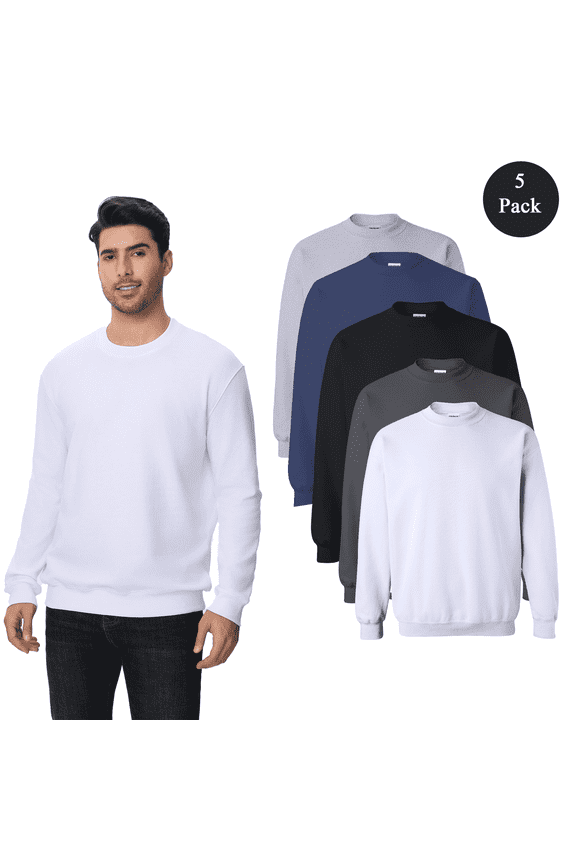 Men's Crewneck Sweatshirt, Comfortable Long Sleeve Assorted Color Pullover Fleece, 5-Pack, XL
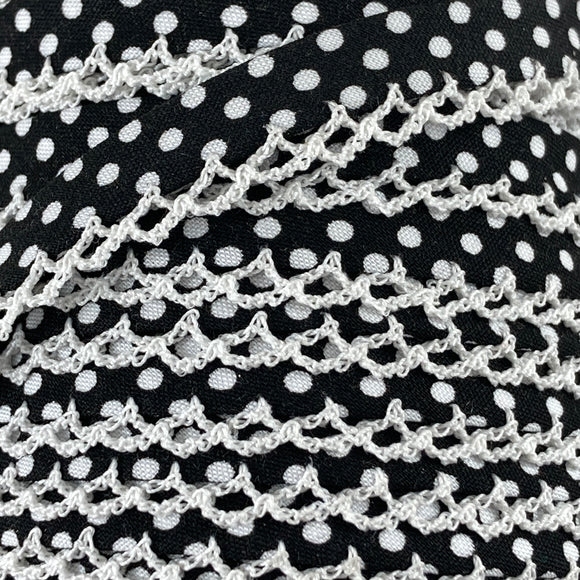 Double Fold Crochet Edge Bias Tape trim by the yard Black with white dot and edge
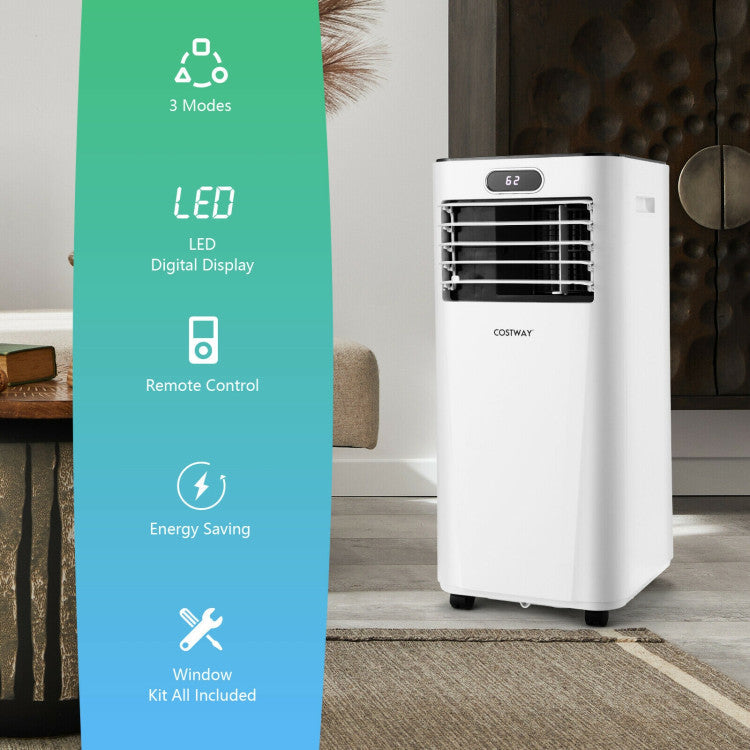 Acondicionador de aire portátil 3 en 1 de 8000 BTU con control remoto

*****

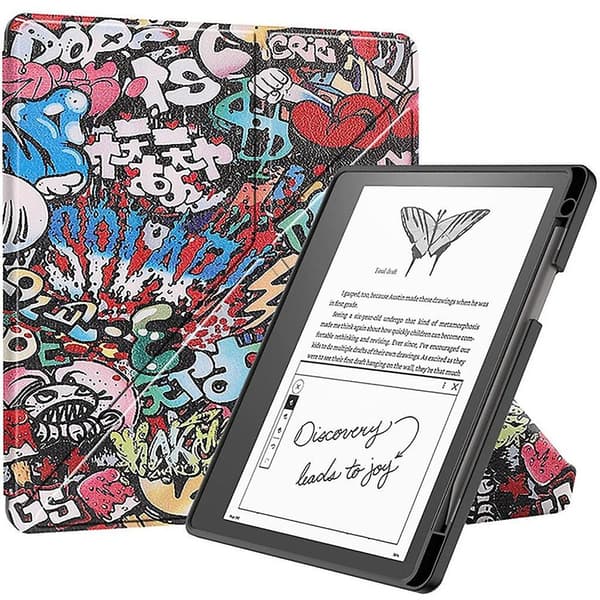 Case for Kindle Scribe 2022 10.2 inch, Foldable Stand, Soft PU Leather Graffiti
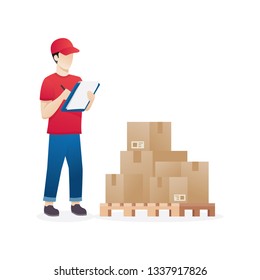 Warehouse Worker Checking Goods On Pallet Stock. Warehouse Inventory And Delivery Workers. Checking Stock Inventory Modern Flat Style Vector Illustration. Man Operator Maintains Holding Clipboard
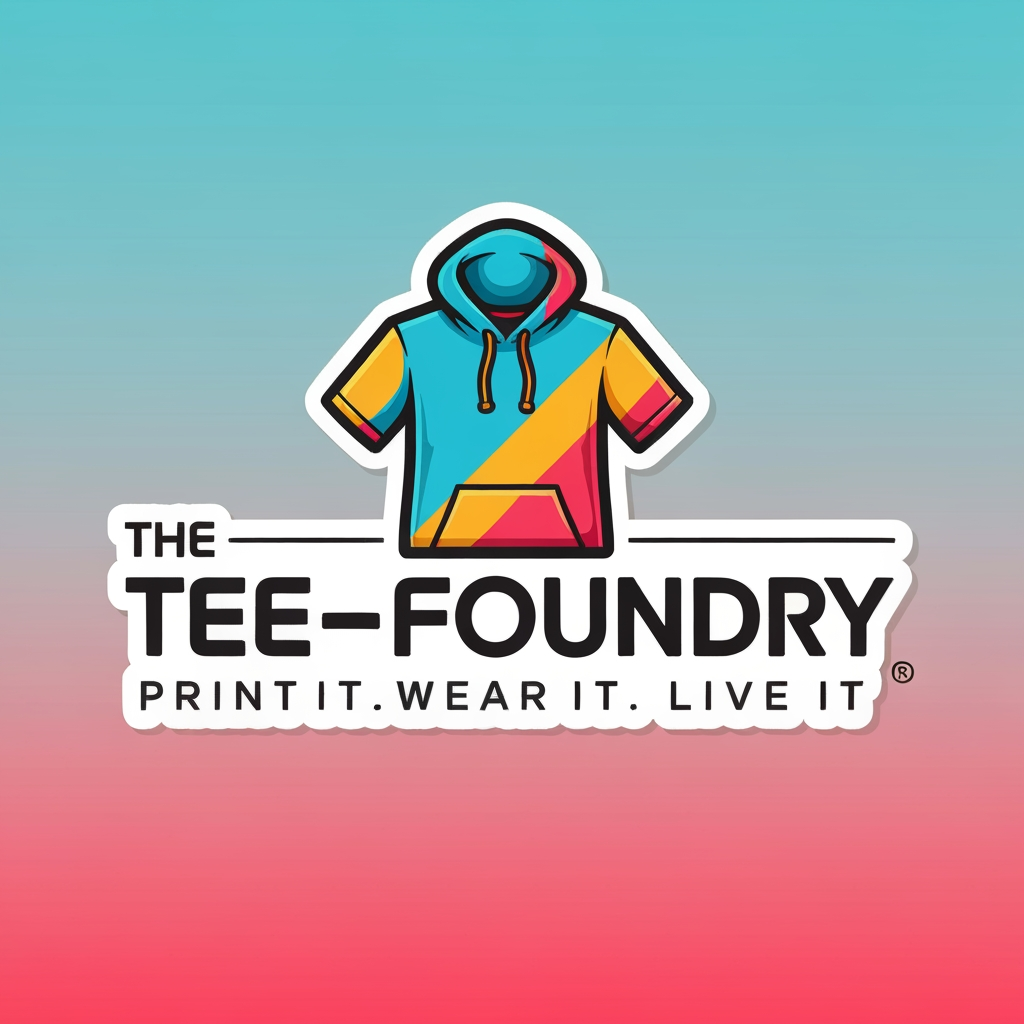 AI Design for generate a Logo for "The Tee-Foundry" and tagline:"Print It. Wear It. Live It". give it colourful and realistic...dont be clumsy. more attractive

*****

◆ **PROBLEM**:
A word-for-word reproduction is needed of the lines above from the line containing "Men's Crewneck Sweatshirt, Comfortable" through the line containing "Acondicionador de aire", with both ends kept and no pictures.

◆ **EXERCISE ANSWER**:
 Men's Crewneck Sweatshirt, Comfortable Long Sleeve Assorted Color Pullover Fleece, 5-Pack, XL
 Double Fold Crochet Edge Bias Tape trim by the yard Black with white dot and edge
 Acondicionador de aire portátil 3 en 1 de 8000 BTU con control remoto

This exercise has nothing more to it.